Ageing academics

The Faculty Lounge has an interesting post (and link to the original controversial article, at the Chronicle of Higher Education, entitled “The Forever Professors: Academics who don’t retire are greedy, selfish, and bad for students“) on the alleged consequences and costs of ageing academic members of staff.

As I come closer to being a senior prof (not there yet, but visible on the horizon), I must disagree wholeheartedly.  ; )

Colin Picker



One thought on “Ageing academics

  1. Prue Vines says:

    The article is very American and refers to some things which just don’t apply to us in Australia. But there are two issues that might be considered. One is that with an ageing population we might need to hold onto our people for longer anyway, and academe is a job where you don’t get physically damaged; and the other thing is that the idea that it is going to be true that older people staying are going to block earlier people from jobs. But as in the American example, what is really blocking people from jobs is that universities have expanded without commensurately expanding the number of full time jobs.

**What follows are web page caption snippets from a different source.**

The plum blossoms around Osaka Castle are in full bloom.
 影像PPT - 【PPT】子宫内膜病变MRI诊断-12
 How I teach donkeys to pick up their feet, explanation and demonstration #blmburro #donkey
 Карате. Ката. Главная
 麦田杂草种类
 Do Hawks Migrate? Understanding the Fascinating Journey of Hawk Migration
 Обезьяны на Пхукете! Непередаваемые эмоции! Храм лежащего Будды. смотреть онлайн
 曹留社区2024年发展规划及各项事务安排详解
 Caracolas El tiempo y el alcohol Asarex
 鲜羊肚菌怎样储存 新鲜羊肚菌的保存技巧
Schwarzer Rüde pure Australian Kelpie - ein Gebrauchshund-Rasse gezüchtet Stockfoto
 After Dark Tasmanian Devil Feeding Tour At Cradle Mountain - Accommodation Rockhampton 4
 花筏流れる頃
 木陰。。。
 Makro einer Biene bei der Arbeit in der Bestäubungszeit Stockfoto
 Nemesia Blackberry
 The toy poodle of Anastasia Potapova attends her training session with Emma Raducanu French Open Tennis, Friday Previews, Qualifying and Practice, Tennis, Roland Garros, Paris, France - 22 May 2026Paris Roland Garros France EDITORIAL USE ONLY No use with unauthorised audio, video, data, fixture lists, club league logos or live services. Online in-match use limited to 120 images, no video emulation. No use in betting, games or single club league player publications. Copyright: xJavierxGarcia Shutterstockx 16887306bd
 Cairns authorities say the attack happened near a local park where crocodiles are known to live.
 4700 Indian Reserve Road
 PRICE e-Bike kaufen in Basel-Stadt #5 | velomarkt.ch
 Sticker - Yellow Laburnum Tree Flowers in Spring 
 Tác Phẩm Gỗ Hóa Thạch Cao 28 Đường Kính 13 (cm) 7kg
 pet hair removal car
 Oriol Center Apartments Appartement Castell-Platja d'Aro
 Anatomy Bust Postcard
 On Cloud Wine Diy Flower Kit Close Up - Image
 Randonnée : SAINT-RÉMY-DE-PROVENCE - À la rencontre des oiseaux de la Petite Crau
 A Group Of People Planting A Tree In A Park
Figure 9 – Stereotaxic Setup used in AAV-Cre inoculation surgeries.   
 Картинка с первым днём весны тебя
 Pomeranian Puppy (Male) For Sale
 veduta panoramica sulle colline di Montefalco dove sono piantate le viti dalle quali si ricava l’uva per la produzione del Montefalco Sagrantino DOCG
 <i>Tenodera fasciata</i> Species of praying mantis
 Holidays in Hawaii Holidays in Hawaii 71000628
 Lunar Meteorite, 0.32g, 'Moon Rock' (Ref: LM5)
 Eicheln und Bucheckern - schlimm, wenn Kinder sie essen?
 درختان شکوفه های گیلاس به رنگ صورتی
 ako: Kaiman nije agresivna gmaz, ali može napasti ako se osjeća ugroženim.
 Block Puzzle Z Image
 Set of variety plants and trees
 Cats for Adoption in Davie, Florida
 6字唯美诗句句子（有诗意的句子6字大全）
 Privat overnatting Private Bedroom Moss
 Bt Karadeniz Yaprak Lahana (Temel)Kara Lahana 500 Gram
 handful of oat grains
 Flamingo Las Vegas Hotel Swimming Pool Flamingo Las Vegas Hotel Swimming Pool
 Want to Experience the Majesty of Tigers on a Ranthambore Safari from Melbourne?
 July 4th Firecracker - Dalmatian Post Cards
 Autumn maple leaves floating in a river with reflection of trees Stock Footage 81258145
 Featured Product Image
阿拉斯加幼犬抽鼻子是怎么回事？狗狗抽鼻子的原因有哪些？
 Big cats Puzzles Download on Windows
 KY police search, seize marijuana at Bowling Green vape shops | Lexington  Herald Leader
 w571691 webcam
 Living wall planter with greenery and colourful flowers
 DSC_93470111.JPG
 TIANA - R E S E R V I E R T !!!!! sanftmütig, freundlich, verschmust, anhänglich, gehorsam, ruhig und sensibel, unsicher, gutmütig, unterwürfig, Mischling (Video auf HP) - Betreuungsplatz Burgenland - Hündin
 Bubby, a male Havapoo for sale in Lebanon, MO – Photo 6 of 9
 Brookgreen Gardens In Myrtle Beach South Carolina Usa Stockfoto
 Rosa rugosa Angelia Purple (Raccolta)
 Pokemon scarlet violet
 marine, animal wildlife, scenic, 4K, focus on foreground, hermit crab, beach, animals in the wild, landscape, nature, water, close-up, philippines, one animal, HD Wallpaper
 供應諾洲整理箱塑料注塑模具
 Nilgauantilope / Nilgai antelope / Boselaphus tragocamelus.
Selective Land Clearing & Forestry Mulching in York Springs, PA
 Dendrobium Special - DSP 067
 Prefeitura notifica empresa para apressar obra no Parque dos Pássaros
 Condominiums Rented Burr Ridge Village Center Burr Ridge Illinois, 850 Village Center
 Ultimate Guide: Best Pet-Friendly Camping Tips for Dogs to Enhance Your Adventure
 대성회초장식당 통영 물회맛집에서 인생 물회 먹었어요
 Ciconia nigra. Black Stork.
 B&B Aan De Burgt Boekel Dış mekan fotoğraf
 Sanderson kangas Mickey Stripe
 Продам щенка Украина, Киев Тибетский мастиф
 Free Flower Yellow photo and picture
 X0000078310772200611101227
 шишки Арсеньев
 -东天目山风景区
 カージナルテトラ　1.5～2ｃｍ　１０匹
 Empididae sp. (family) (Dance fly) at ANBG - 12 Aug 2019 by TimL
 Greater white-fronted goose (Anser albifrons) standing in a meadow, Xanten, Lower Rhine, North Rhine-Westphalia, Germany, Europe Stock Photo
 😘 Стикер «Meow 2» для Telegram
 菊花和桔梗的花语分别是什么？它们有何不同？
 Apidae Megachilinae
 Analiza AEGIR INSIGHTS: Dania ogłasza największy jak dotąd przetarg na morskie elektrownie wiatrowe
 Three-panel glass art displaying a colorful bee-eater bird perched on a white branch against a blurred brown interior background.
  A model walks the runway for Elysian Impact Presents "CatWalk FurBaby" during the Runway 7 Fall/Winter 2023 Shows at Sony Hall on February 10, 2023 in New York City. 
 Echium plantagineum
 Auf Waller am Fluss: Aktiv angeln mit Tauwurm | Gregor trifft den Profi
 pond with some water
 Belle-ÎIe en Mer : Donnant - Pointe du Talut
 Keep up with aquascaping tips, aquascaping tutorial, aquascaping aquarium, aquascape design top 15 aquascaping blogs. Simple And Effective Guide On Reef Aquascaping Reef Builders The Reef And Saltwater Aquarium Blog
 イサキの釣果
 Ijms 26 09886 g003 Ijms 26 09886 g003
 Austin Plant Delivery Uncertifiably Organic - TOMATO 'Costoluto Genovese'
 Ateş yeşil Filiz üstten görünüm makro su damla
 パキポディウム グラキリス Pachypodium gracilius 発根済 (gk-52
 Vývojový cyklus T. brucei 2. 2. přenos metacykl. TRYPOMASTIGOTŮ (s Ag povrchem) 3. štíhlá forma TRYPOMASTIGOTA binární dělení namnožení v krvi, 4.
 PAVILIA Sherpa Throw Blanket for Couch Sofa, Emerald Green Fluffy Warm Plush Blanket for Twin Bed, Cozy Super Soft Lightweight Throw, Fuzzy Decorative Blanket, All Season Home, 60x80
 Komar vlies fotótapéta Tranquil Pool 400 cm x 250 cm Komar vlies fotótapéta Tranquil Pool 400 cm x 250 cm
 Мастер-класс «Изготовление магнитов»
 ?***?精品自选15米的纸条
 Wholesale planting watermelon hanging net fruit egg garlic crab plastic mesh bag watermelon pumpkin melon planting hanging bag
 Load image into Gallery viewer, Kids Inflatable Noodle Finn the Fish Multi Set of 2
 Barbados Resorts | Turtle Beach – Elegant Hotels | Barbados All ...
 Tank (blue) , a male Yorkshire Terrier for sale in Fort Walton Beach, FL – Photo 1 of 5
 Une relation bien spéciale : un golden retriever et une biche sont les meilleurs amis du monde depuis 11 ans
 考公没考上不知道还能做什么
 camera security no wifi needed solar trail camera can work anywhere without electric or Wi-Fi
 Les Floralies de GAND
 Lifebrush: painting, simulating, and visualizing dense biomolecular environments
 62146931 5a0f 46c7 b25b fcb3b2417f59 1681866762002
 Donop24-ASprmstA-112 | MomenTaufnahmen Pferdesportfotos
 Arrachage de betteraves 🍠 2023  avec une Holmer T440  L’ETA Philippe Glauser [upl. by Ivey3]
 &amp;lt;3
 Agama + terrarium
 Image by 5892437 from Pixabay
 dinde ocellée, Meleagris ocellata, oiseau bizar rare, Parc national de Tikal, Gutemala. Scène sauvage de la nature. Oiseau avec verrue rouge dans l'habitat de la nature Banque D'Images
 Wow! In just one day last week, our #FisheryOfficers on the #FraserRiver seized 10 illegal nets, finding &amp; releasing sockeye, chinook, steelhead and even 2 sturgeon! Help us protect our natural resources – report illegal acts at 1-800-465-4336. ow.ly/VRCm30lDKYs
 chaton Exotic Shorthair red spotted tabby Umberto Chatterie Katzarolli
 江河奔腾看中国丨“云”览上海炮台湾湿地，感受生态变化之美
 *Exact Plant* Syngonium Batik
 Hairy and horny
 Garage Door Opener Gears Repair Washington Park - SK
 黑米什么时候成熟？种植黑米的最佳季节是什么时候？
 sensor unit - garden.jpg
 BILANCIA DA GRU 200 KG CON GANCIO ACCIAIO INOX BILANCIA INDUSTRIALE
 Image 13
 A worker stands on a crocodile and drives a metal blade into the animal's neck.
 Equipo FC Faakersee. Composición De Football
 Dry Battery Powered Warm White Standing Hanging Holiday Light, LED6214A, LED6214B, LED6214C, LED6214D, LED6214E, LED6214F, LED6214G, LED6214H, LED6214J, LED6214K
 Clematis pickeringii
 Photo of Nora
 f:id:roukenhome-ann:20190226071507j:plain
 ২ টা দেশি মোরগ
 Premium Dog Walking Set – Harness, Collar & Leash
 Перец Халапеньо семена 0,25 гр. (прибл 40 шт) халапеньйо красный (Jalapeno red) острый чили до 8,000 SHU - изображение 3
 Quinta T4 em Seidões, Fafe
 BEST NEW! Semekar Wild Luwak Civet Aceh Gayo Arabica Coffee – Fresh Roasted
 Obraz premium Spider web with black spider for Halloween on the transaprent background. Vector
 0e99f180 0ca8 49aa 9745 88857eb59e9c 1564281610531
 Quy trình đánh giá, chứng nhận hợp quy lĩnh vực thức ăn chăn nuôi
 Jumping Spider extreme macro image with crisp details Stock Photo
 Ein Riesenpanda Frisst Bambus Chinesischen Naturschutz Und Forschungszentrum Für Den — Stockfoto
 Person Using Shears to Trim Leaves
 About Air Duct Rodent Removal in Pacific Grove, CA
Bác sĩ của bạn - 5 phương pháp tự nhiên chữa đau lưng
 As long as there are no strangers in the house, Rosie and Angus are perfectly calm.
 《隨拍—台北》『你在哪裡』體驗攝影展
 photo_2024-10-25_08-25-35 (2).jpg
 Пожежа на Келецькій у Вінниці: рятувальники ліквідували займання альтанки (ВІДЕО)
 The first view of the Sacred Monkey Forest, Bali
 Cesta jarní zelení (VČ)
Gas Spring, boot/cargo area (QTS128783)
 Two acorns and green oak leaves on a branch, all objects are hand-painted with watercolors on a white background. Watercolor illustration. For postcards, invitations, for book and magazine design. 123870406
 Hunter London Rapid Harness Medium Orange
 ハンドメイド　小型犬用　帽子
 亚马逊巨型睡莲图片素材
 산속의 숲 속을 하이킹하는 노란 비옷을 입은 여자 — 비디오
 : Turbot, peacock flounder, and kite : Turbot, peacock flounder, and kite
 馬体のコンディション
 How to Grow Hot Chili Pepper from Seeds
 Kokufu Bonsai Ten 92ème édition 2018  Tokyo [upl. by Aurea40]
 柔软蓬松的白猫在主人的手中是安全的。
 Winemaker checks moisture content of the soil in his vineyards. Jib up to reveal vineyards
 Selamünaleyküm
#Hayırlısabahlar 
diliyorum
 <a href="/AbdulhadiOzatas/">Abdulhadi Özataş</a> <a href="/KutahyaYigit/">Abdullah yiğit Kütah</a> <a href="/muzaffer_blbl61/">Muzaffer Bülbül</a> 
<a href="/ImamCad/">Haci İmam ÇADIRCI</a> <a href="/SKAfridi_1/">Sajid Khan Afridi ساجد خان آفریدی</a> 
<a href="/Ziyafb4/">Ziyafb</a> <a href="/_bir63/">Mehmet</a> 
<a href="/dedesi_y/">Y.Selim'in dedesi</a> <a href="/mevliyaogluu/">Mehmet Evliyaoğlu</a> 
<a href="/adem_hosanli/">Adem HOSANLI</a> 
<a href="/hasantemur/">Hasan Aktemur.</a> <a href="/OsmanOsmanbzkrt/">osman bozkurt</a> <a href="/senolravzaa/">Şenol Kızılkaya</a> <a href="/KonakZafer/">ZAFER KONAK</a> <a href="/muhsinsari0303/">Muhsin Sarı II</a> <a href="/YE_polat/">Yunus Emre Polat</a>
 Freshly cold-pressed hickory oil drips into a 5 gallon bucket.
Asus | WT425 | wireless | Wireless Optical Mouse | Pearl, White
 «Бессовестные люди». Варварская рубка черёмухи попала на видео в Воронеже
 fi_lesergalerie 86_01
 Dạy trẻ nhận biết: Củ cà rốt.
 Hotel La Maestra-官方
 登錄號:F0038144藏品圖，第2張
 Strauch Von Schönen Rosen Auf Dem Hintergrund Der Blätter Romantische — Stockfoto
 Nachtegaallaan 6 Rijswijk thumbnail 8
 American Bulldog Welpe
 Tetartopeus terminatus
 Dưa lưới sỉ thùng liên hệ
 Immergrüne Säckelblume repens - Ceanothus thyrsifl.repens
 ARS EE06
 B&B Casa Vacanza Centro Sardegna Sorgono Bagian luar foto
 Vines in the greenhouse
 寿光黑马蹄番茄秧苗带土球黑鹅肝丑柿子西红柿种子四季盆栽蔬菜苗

The funding is just not there. Unlike Germany where they see education as an investment for the whole community so that university is free even for foreigners, in Australia and the US it is seen as a personal individual matter. The other thing that worries me is that this is a bit too much like assuming that younger people are always more energetic/capable/lively than older people. In my experience this is somewhat like saying all men are stronger/more rational/better workers than women. We don’t do that any more because we have learned it isn’t true. Maybe it isn’t true that older people should always make way for younger people. Maybe there is something to offer in the second half of life that isn’t available in the first.These things are worth thinking about in our societies which worship youth.